Only Joe Levasseur’s exquisitely nuanced lighting seems to belong to one designer alone. The collective nature of the entire theatrical enterprise, and its analogous relationship to the possibilities of cooperative action, became palpable and moved me in ways I haven’t felt onstage since the Broadway productions of Angels in America and Copenhagen. The multi-dimensionality, scale, scope and quality of the work recalls that of such artists as Meredith Monk, Robert Wilson, William Forsythe, Pina Bausch and Bill T. Jones.

The Golden Legend stands as a fitting return gift to and redemption of the sacrifices of those who stand guard over our “homeland security.” By whatever means they serve, they insure the freedom that brings us saints as well as corporate Ponzi and steroid sinners. The challenge falls to us as to which merits our own sacrifices and devotion in attention, blood and treasure.

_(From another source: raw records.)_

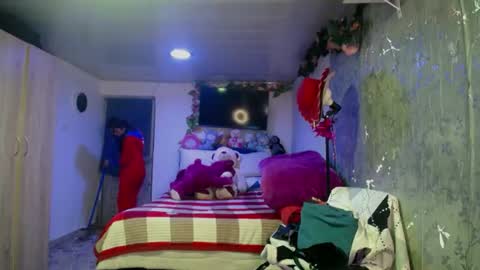 Maritza Ferrer -Samara Beltran online show from 06.23.26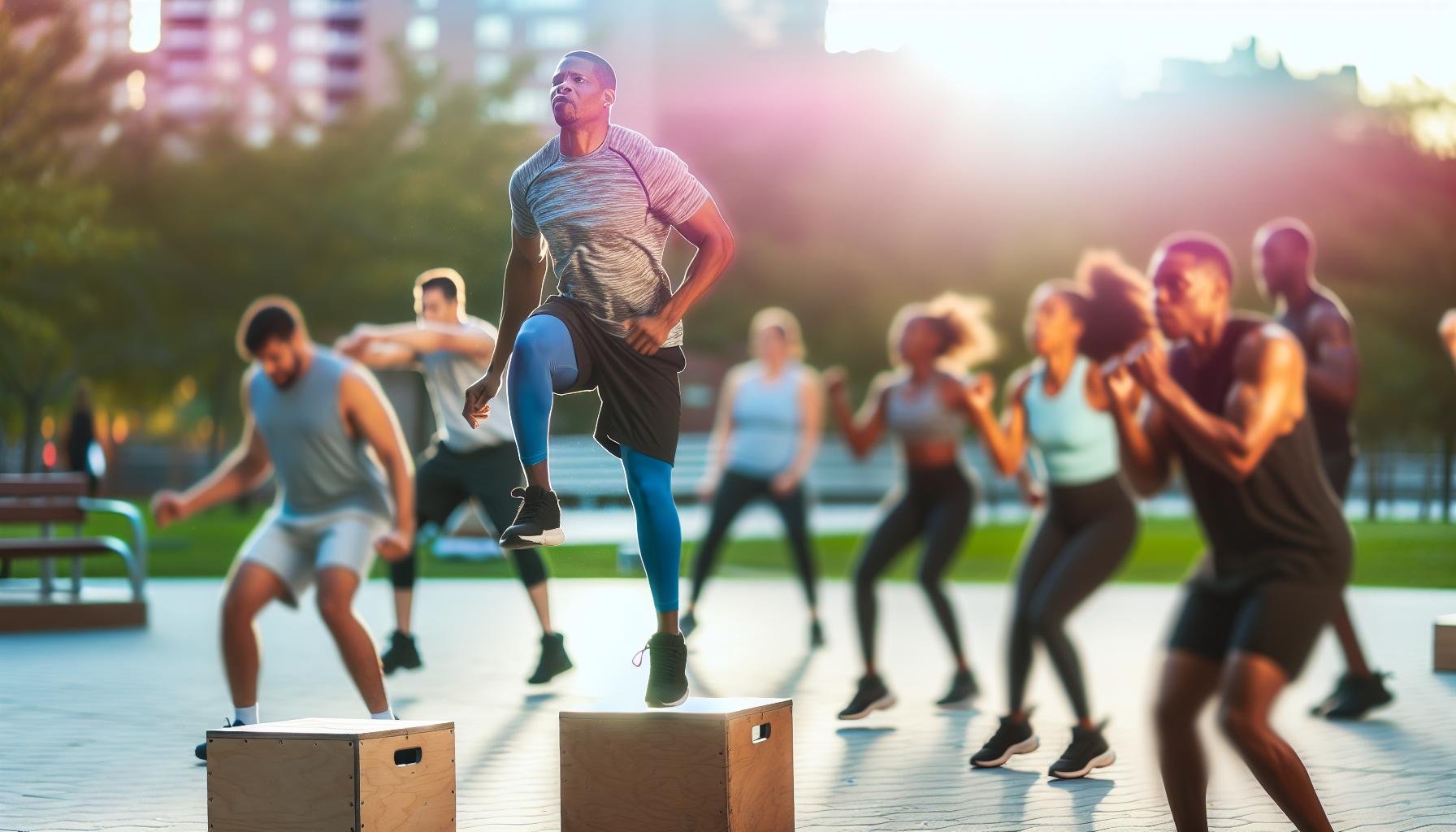 Plyometric Insanity Cardio Circuit: Fat-Burning Workout 1 Understanding Plyometric Insanity Cardio Circuit Workouts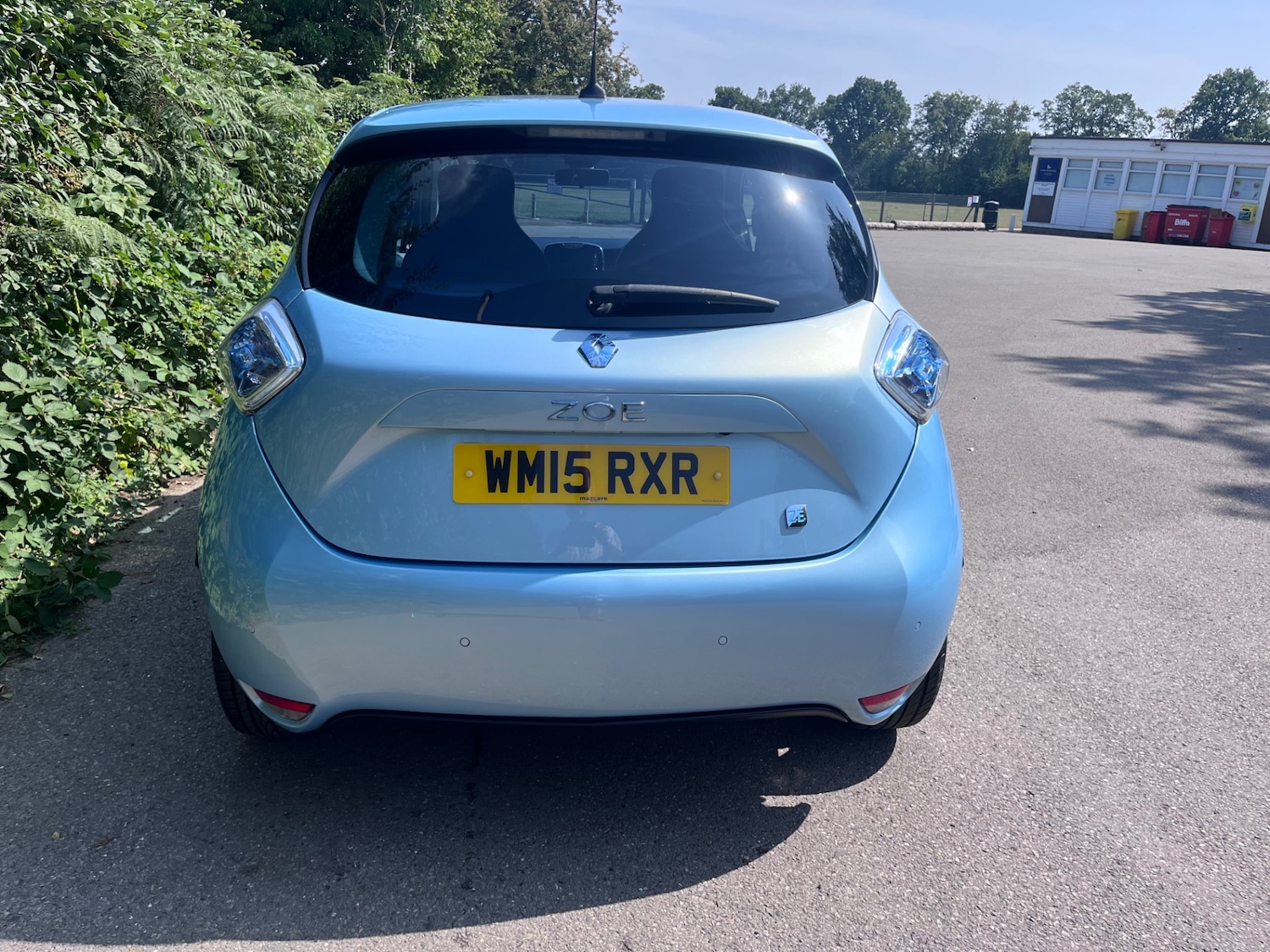 Vehicle 8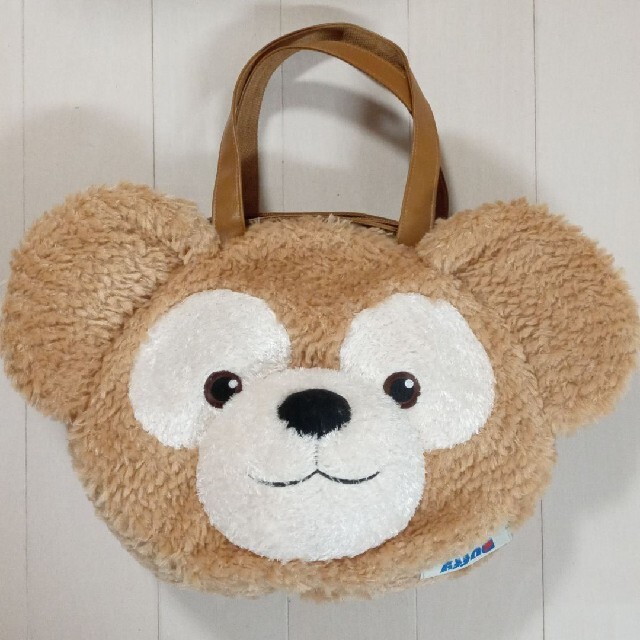 ダッフィー(ダッフィー)のダッフィー　3Way  バッグ　Duffy  ディズニーシー エンタメ/ホビーのおもちゃ/ぬいぐるみ(キャラクターグッズ)の商品写真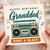 Granddad Birthday Card, Happy Birthday Granddad Retro Boombox Card, Have a Blast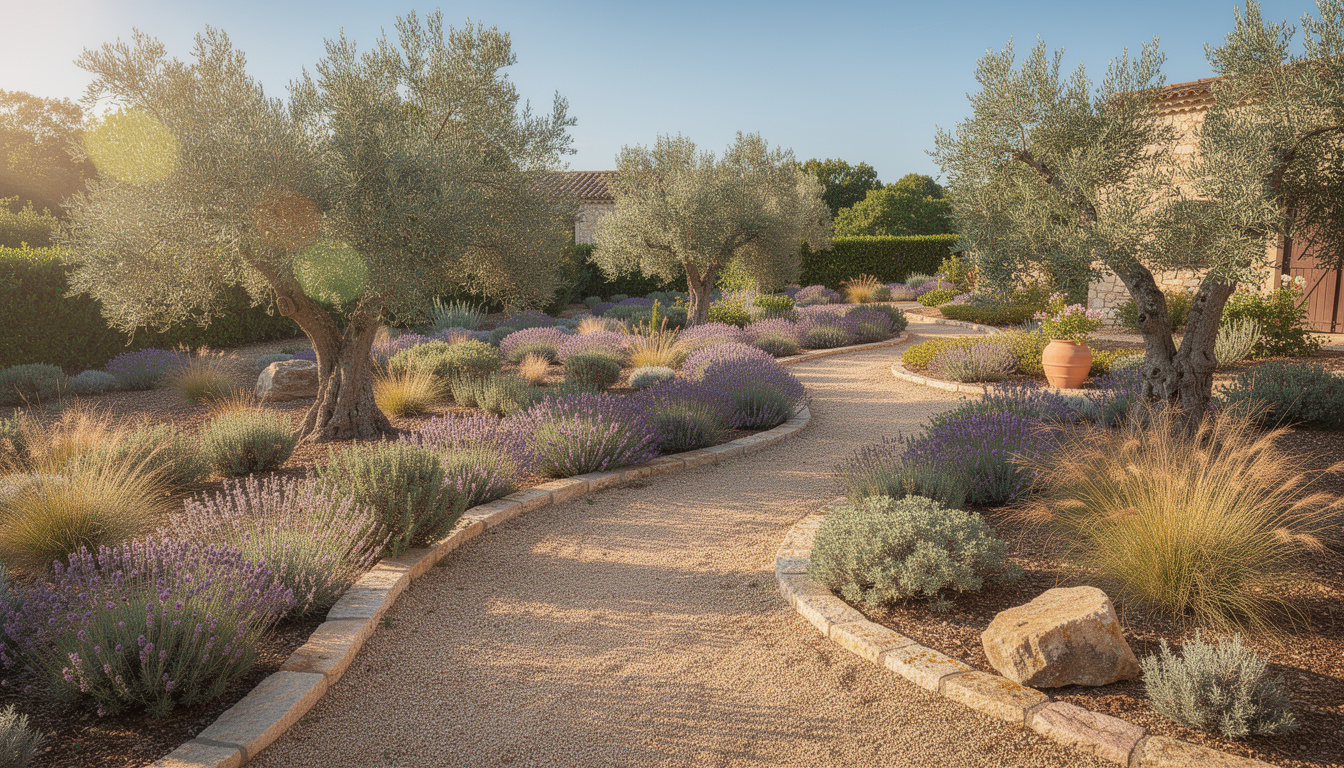 découvrez notre sélection de plantes résistantes à la sécheresse, parfaites pour embellir et préserver votre jardin sec tout en économisant l'eau.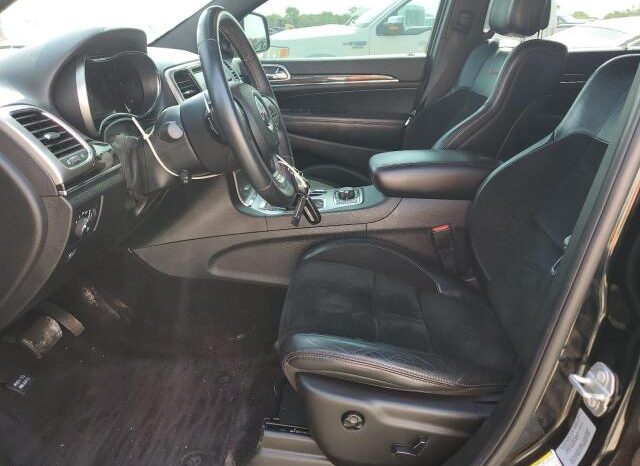 
								2017 Jeep Grand cher full									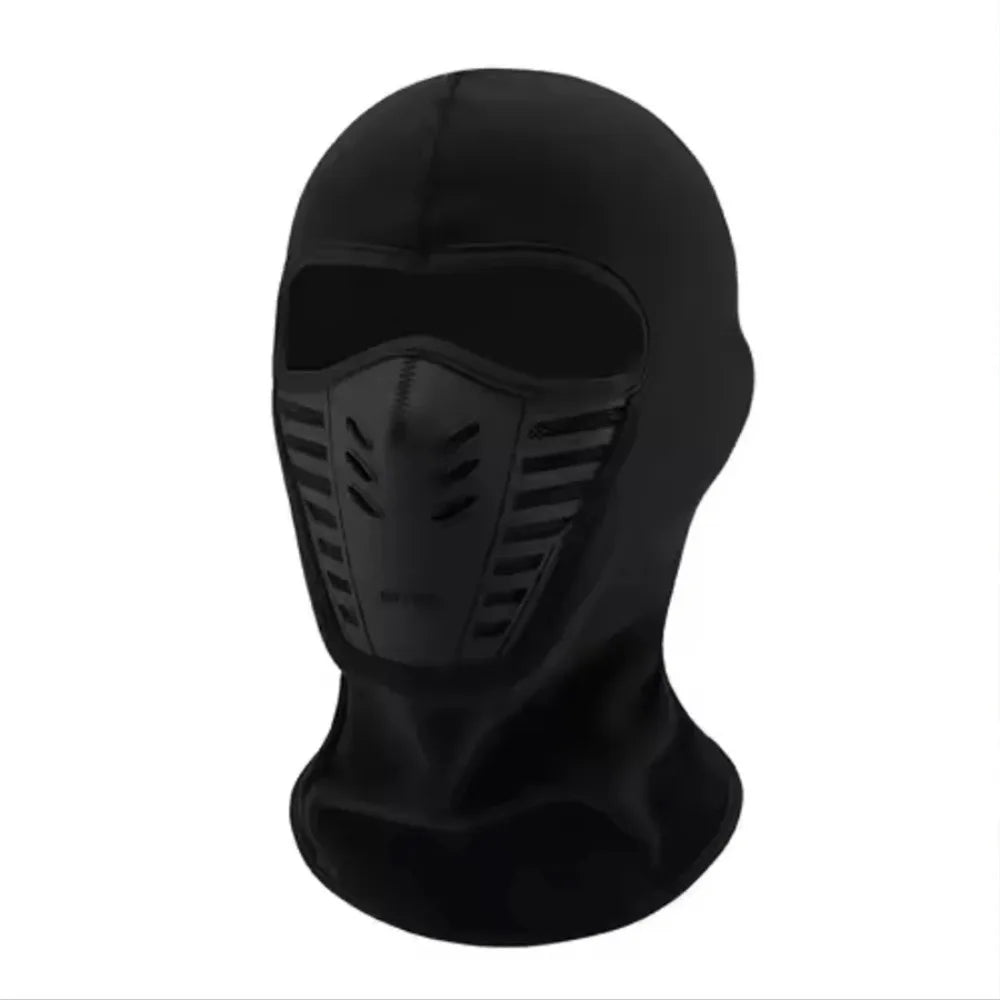 Thermal Balaclava Neck Warmer, Full Face Ski Mask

Like other contemporary American artists, and many U.S. families, Williams has gambled himself into the bondage of credit card usury. His thrall has come in pursuit of a singular dance theater vision. The fact that he has forged his chains in a field that offers virtually no chance for the gamble to pay off in a material, and therefore, by extension, a status sense for either him or his art form hardly makes him a saint. But if it were ever to come to a question of that, perhaps The Golden Legend might be cited as one of the requisite miracles.